Which lines hold the word "Book"? Copy each of them from the material.

SUPPLIED ENTRIES:
· · ·

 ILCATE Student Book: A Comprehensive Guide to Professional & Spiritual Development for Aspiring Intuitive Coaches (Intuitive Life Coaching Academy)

· · ·

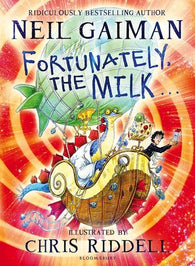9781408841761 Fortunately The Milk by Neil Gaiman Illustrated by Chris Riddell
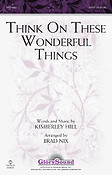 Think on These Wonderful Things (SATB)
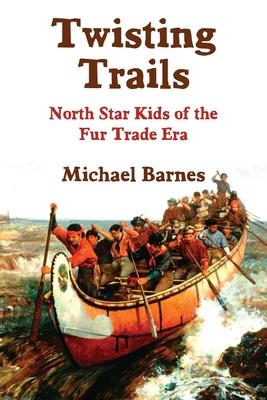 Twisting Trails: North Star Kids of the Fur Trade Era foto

· · ·

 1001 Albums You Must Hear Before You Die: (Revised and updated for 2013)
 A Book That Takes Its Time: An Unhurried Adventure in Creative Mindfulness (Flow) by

· · ·

FINISHED EXERCISE:
 ILCATE Student Book: A Comprehensive Guide to Professional & Spiritual Development for Aspiring Intuitive Coaches (Intuitive Life Coaching Academy)
 A Book That Takes Its Time: An Unhurried Adventure in Creative Mindfulness (Flow) by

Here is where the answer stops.